Living Retired 173- December 5, 2016

Living Retired 173- December 5, 2016


It’s December.

Look around. The telltale signs of Christmas are everywhere.

For instance go to a shopping mall– park your vehicle nearby in an adjacent County. Inside– while you’re standing in line to have a photo of your pet dog dressed in a silly pink tutu with imitation antlers on its head– take a minute to gaze at all the decorations.

These decorations were installed before Halloween. It’s just that they now share space with huge banners promoting Pre-Summer Sales.

Hey call me old fashioned. But I’m yearning for an old fashion, traditional Christmas this year. So here are my ’10 Tips To Celebrate A Traditional Christmas’…

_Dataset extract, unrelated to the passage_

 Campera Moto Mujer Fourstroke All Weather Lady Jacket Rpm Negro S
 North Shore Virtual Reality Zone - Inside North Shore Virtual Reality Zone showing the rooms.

1.    Download the Traditional Christmas App. With so many things to be done the new Christmas App should be downloaded. This way, you won’t forget a thing because the Christmas App will send you automatic updates on all your devices. In fact the Christmas App will even alert you first thing each morning to where you repositioned Elf on the Shelf the night before.
2.    Put up the artificial Christmas tree. It’s stored down in the basement, behind the furnace. Pre-decorated in colours that match your room decor, the great thing about an artificial Christmas tree is its ‘plug and play’ feature. You plug the cord into an outlet and you’re done. Some of these artificial Christmas trees are so lifelike that they feature a crooked trunk and bare spots the size of Utah! Need a new artificial tree this year? Here’s what I saw at the store: a ‘feel-real’ spruce hinged tree (easy assembly) or a ‘just cut’ artificial spruce tree with LED lights that change colour with the accompanying remote control or foot pedal. Come on!!
3.    Decorate the fireplace mantle. Nothing is easier than hanging some lead-free, fire-retardant plastic Ivy over the fireplace. Again, plug the cord into an outlet and miniature lights that are supposed to blink, blink sometimes.
4.    Manufactured Christmas log for the fireplace. These phoney Christmas logs are guaranteed to look natural and like it says on the wrapper will smell ‘just like fresh pine’… before your dog squatted beside it!
5.    Hang a ‘looks real’ wreath on the front door. These days you can purchase a plastic wreath complete with imitation snow for your front door. Available in this years decorator Christmas colours, these wreaths will stand the worst weather Mother Natures El Niño, or is it La Niña, can throw at them.
6.    Fake flickering candles. The candle manufacturers have really made great strides designing candles with fake flames. They even have programmable timers that turn the fake flame off when you go to bed. Just remember: batteries are sold separately.
7.    Electronic greeting cards. Go online and personalize Christmas cards that you can send by email to your friends. For some friends send them the personalized card from Russia that will hack into their computer and render it useless!
8.    Aromatic room spray. Want your home to smell like gingerbread cookies fresh from the oven? Or how about pine forest scent? No problem. Imitation scents are a spray away. Why there’s even– get this– a scent free scent this year!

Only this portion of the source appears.